### TASK OBJECTIVE
Lines containing the word "with" are to be copied from the data below.

### PROVIDED MATERIAL
^^^^

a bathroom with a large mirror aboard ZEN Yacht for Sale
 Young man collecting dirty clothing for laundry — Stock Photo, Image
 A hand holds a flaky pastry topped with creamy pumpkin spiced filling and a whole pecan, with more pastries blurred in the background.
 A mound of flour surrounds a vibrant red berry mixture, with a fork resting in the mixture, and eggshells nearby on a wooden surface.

^^^^

### TASK SOLUTION
a bathroom with a large mirror aboard ZEN Yacht for Sale
 A hand holds a flaky pastry topped with creamy pumpkin spiced filling and a whole pecan, with more pastries blurred in the background.
 A mound of flour surrounds a vibrant red berry mixture, with a fork resting in the mixture, and eggshells nearby on a wooden surface.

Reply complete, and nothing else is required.